Par Antoine de Lacoste.
Lorsque l’armée syrienne a lancé son offensive en avril contre la province d’Idleb, dernier territoire tenu par les islamistes, chacun savait que l’affaire serait difficile. Elle s’avère encore plus complexe que prévu.
En plus de 3 mois de combats, des gains marginaux ont été obtenus, au prix de pertes importantes. Les bombardements russes se font rares et c’est l’aviation syrienne qui doit effectuer la majeure partie du travail. Or son efficacité est loin de valoir celle de son homologue russe. La presse internationale se fait régulièrement l’écho des victimes civiles de ces bombardements qui attendraient 700 victimes, chiffre qu’il est impossible de vérifier, ainsi que de faire la part entre les vrais civils et les djihadistes.
En face, les islamistes sont nombreux (plus de 50 000 mille) et aguerris. Beaucoup viennent d’autres provinces (environs de Damas, frontière libanaise) d’où ils ont été acheminés par les Russes à la suite de redditions négociées, mais après des années de combats qui leur ont donné une expérience très utile aujourd’hui.
Il est vrai qu’ils n’ont plus le choix : Idleb est le dernier territoire. S’il tombe, c’est la mort ou l’exil. Ce dernier ne peut avoir lieu qu’en Turquie dont la province islamiste est frontalière dans sa partie nord. Or, la majeure partie des islamistes combattants sont affiliés au groupe Hayat Tahrir al-Cham, successeur du Front al-Nosra, qui s’est imposé au détriment d’autres milices islamistes soutenues par Ankara. Les combats ont été violents et ont entraîné de nombreux morts.
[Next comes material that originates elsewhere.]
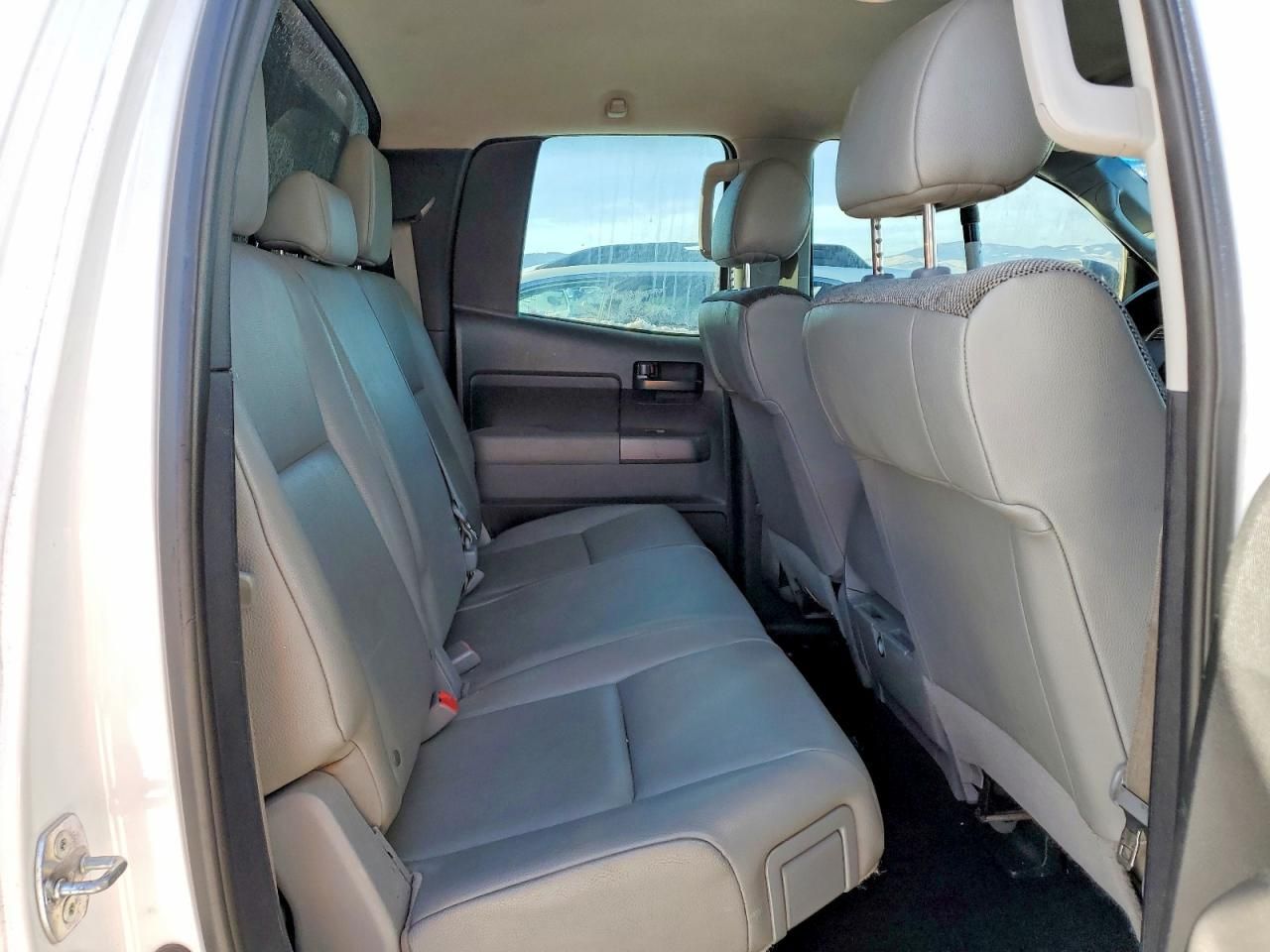 2011 Toyota Tundra Double cab SR5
Il n’est évidemment pas certain, dans ce contexte, que les Turcs accueillent chaleureusement ceux qui ont tué leurs amis.
Les combattants islamistes sont donc particulièrement déterminés et chaque attaque de l’armée syrienne se heurte à une farouche résistance. La semaine dernière, pour la conquête d’un village à l’importance stratégique limitée, chaque camp a perdu une cinquantaine de combattants. Quand on connaît les problèmes d’effectifs de l’armée syrienne, il y a de quoi être inquiet.
Un autre élément vient encore compliquer la tâche de l’armée syrienne : cette fois, pas de combattants iraniens ou du Hezbollah libanais pour soutenir les offensives. Téhéran a en effet jugé que cette province ne représentait aucun intérêt stratégique pour son implantation en Syrie et que tout cela relevait donc d’un problème interne qui ne le concernait pas. Ce défaut de fantassins se fait cruellement sentir, d’autant qu’eux aussi sont des combattants de grande valeur.
Les Russes, de leur côté, sont prudents. Ils aident leur allié syrien avec parcimonie, ce qui n’était pas dans leurs habitudes. Et, même si Sergueï Lavrov, le ministre russe des affaires étrangères, affirme régulièrement qu’il faut mettre hors d’état de nuire les terroristes d’Idleb, il souhaite dans le même temps ménager la Turquie. Erdogan a rappelé qu’il y avait de nombreux soldats turcs dans cette province et qu’ils s’opposeraient à une offensive générale qui les mettraient en danger. Au moment où les Turcs acquièrent les fameux missiles russes AS-400 (photo) , ce qui rend les Américains furieux, Poutine veut ménager son ombrageux partenaire qui, sans être un allié, n’est plus un ennemi.
La situation est donc particulièrement complexe et les islamistes en profitent. Ils n’hésitent pas à lancer de meurtrières contre-offensives qui font provisoirement reculer l’armée syrienne. Dans le même temps, ils bombardent régulièrement des zones civiles à Alep, Hama et même Lattaquié récemment, le fief alaouite. Des victimes sont à déplorer, mais de celles-là la presse internationale ne parle jamais.
Mais Bachar el-Assad ne reculera pas. Un quart du territoire de la Syrie à l’est est occupé par les Kurdes avec la soutien américain et, avant de tenter de résoudre cet épineux problème, il est absolument nécessaire de réduire le dernier territoire tenu par les islamistes.